Segment Open
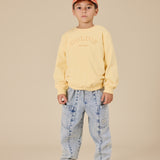 Goldie + Ace - Bluza Goldie Crew Lemon – haftowana, z miękkiej frotty bawełnianej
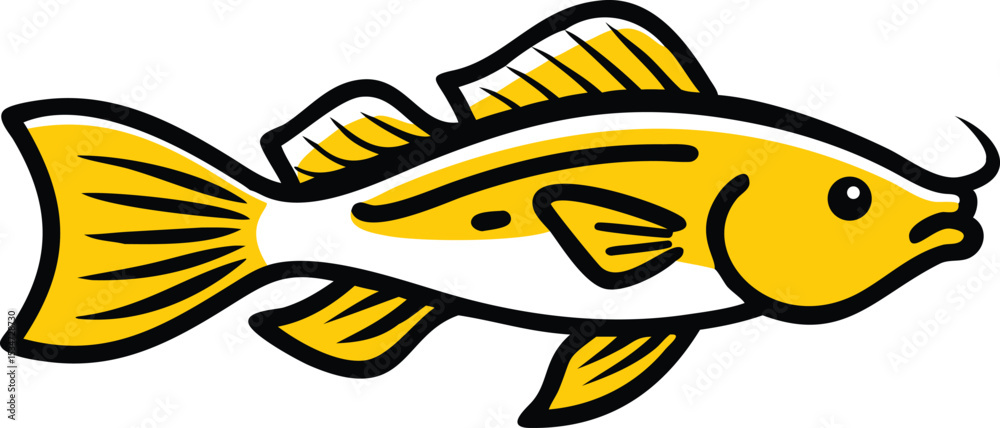 Naklejka premium Detailed plecostomus fish illustration on white background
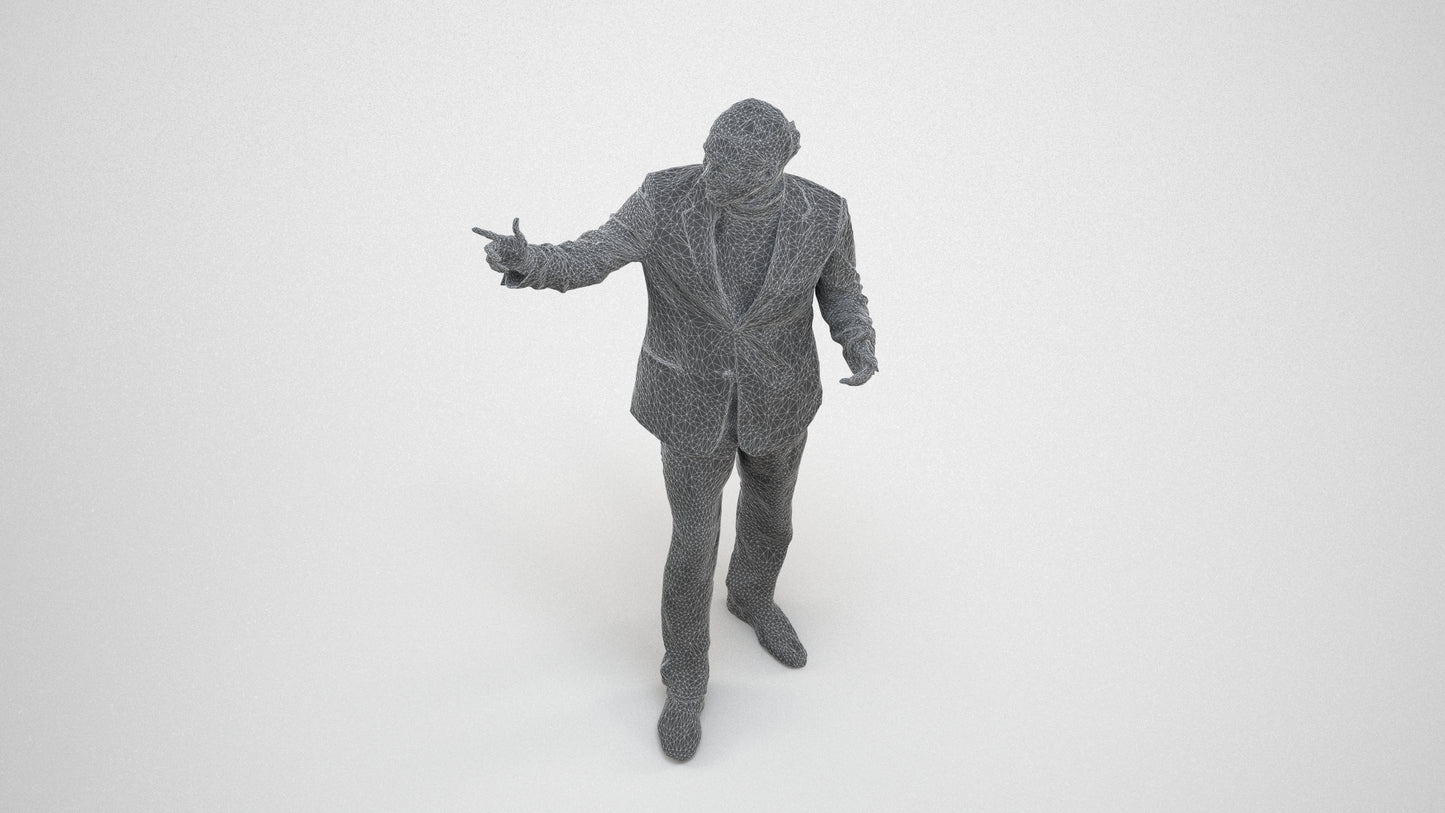 realistic 3D human man business, archviz people FBX OBJ for Blender, wireframe three-quarter view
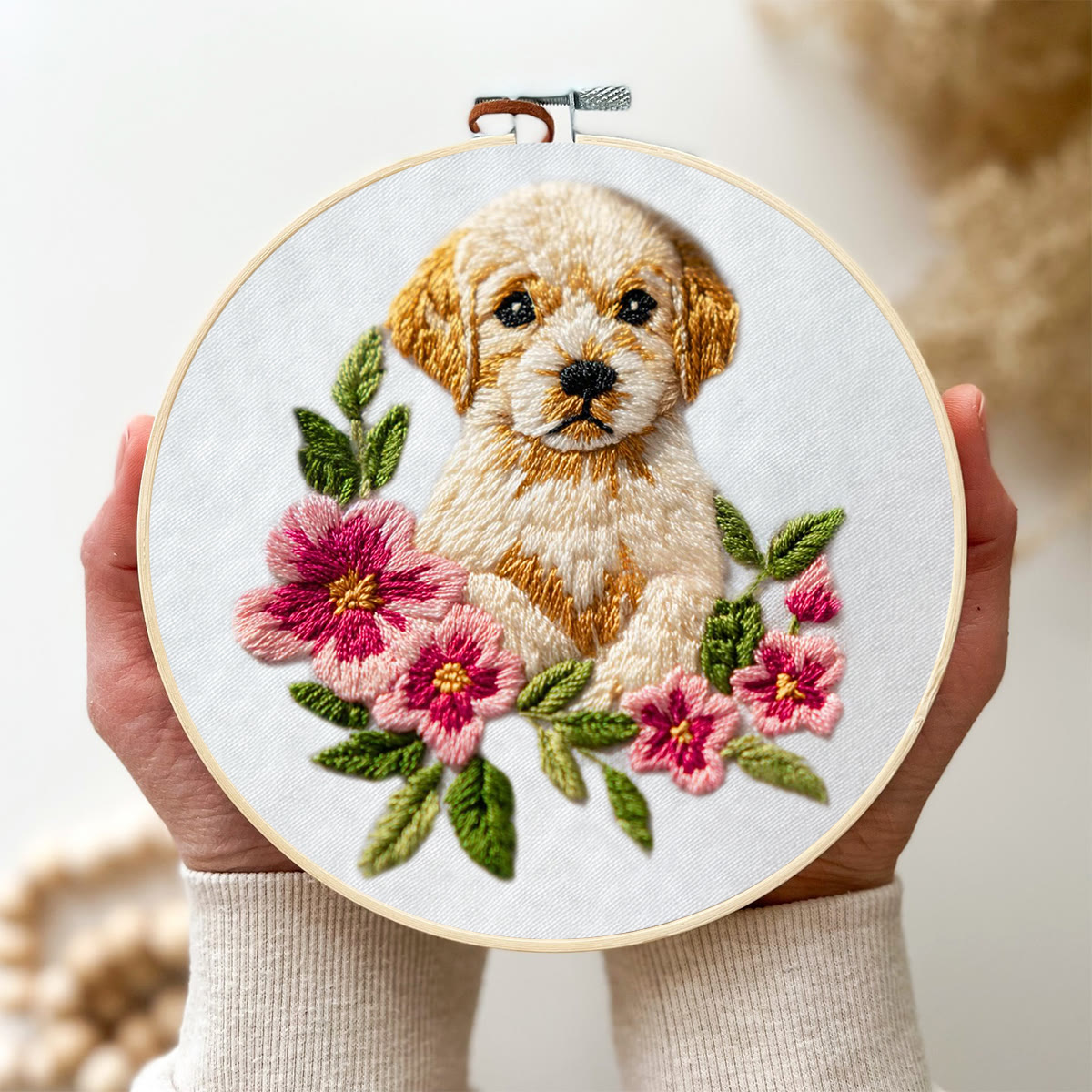 Rubbyoo Embroidery Kit - Puppy With Flower | Diy Home Decor | Animal Hoop Art  - image 3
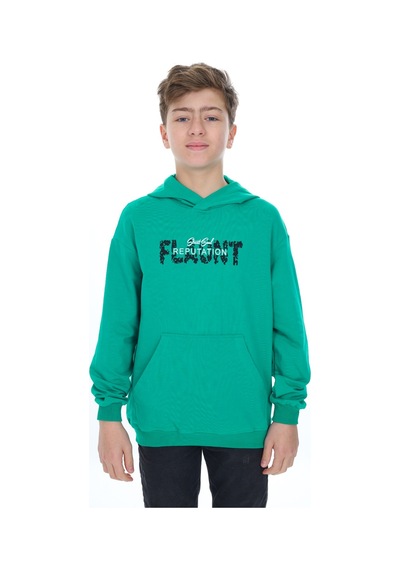 Toontoy Kids Toontoy Erkek Çocuk Flaunt Baskılı Sweatshirt Koyu Yeşil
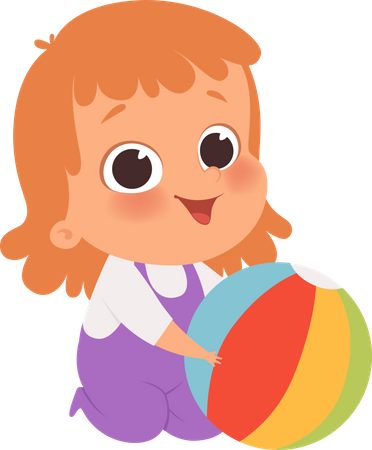 Girl playing with toy Illustration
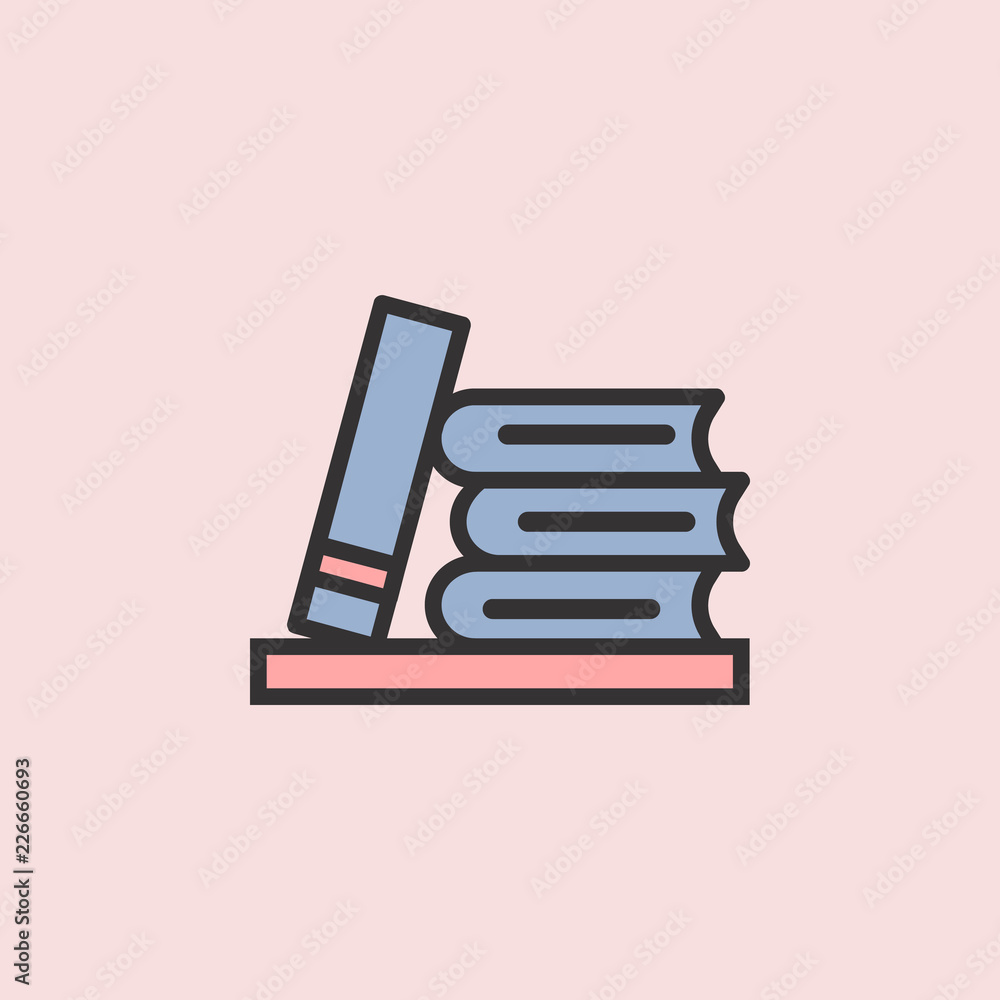 Poster books icon. element of color education for mobile concept and web apps illustration. thin line icon 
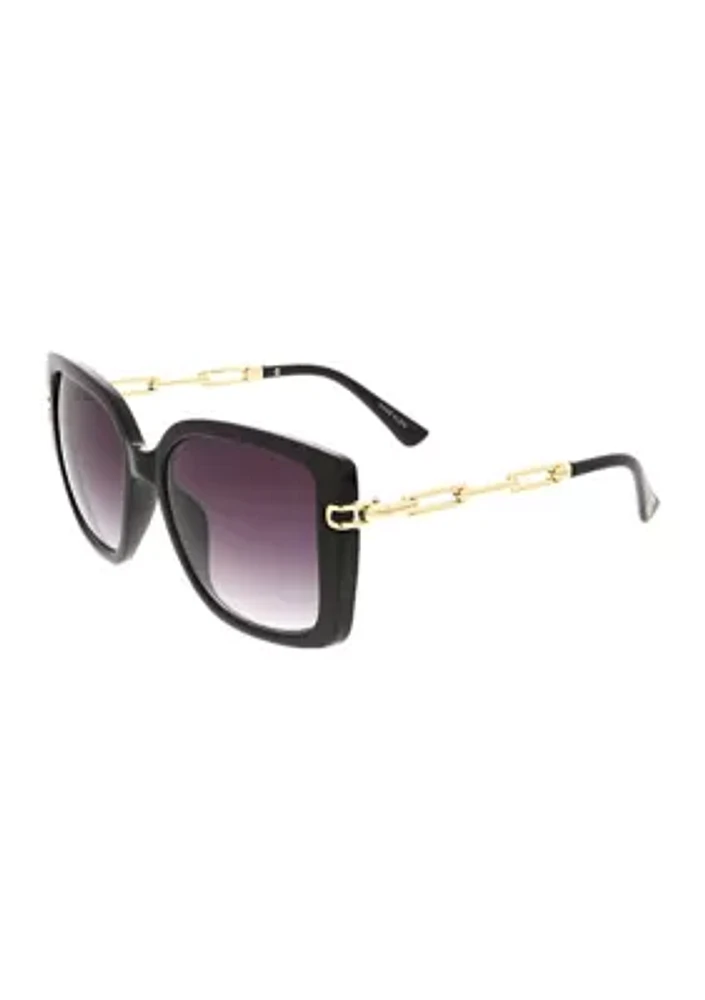 Large Square Sunglasses with Delicate Chain Link Temple
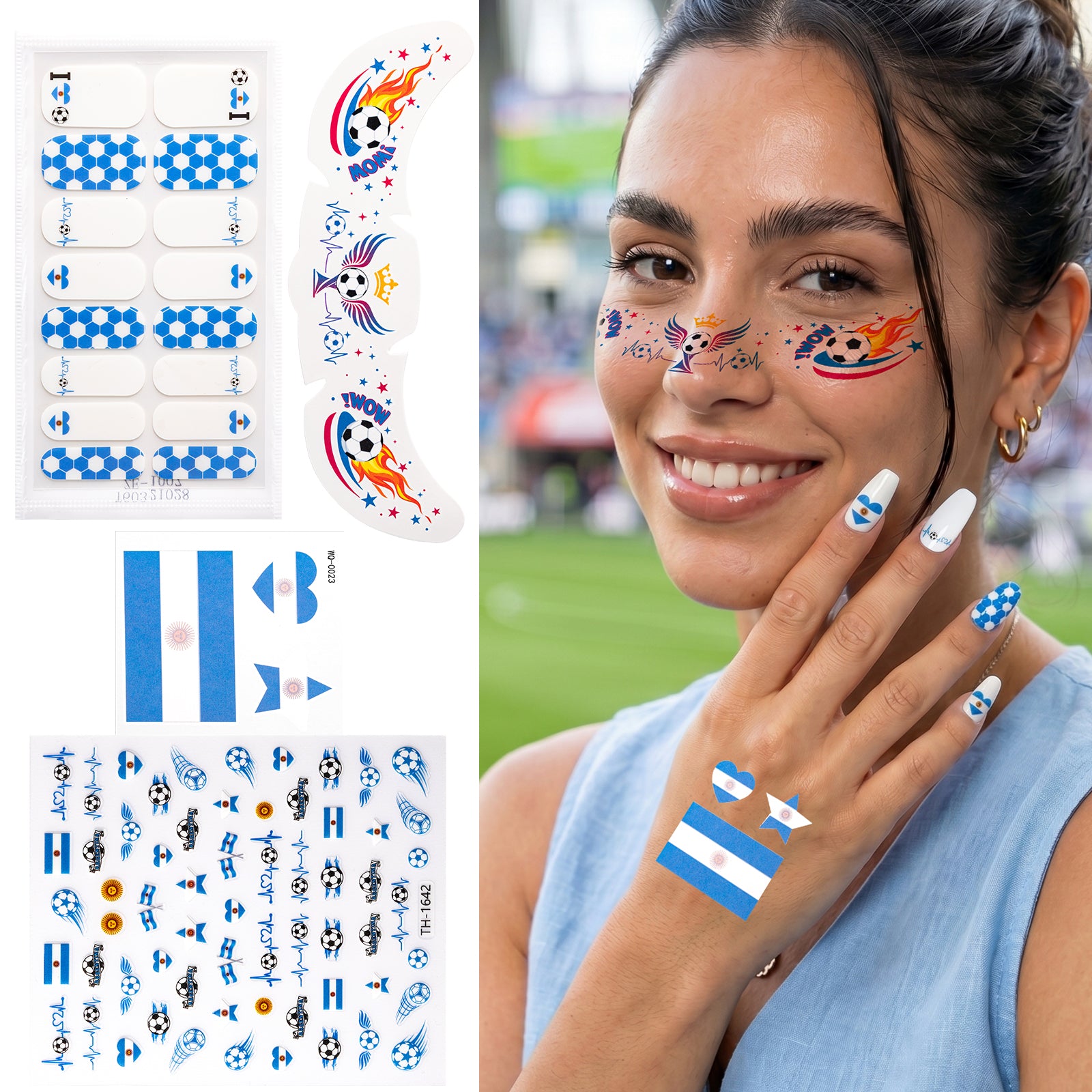 Gameday FanGlow Kit with World Cup Soccer Flag Nail Strips & Face Temporary Tattoos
Segment Closed
-- WHAT NEEDS TO BE DONE --
Return the whole listing word for word. Pictures stay out of it.

-- SOLUTION FOR THIS PROBLEM --
 Goldie + Ace - Bluza Goldie Crew Lemon – haftowana, z miękkiej frotty bawełnianej
 Naklejka premium Detailed plecostomus fish illustration on white background
 realistic 3D human man business, archviz people FBX OBJ for Blender, wireframe three-quarter view
 Rubbyoo Embroidery Kit - Puppy With Flower | Diy Home Decor | Animal Hoop Art  - image 3
 Toontoy Kids Toontoy Erkek Çocuk Flaunt Baskılı Sweatshirt Koyu Yeşil
 Girl playing with toy Illustration
 Poster books icon. element of color education for mobile concept and web apps illustration. thin line icon 
 Large Square Sunglasses with Delicate Chain Link Temple
 Gameday FanGlow Kit with World Cup Soccer Flag Nail Strips & Face Temporary Tattoos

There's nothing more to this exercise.